Non è la prima volta che la bellezza di Rob Lowe viene sfruttata per quello che è, un fatto eccezionale. In Dietro i candelabri era la smorfia affilata di un chirurgo plastico, nell’andamento da sitcom di 9-1-1 diventa invece una gag d’ufficio: non approfittarne sarebbe stato un atto criminale. Poco importa che Owen abbia nel cassetto una lastra con due macchie scure sui polmoni: come durante la recente quarantena non c’è ragione di apparire sciatti e in tuta. E forse gli Stetson, i balletti country, i bovini tipici del Texas fanno davvero bene alla salute. A TK per esempio le cose vanno più che bene. Manco fosse finito a Oz riesce a rimorchiare un ragazzo gay in un locale etero, ovviamente la copia di un modello da copertina di Men’s Health. 

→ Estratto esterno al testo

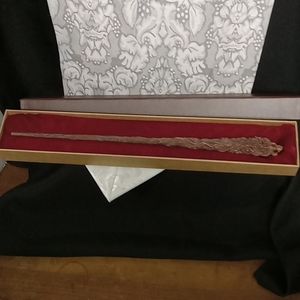 Gryffindor Mascot House Wand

Liv Tyler è Michelle Blake.

Se 9-1-1: Lone Star diventerà uno studio di caratteri più approfondito, come la diversity studiata a tavolino fa supporre, si scoprirà ogni lunedì alle 21. Intanto il ritmo c’è, i salvataggi estremi introdotti secondo il format della chiamata registrata al numero di emergenza pure. La differenza con la squadra di Los Angeles la fa il “ritorno” del re della serie tv, Lowe. E quello di Liv Tyler, paramedico fumantino che cerca di capire in parallelo che fine ha fatto la sorella. Ma siccome 9-1-1 Lone Star è una serie scritta e prodotta da Ryan Murphy (oltre che da Brad Falchuk e Tim Minear), per il suo successo (già confermata la seconda stagione) potrebbero bastare le metanarrazioni.

Lowe che sciorina consigli di bellezza va benissimo, ma Liv che a un certo punto indossa un abito a fiori con anfibi pescato da Io ballo da sola è un altro livello. Per un certo tipo di pubblico un vero effetto speciale.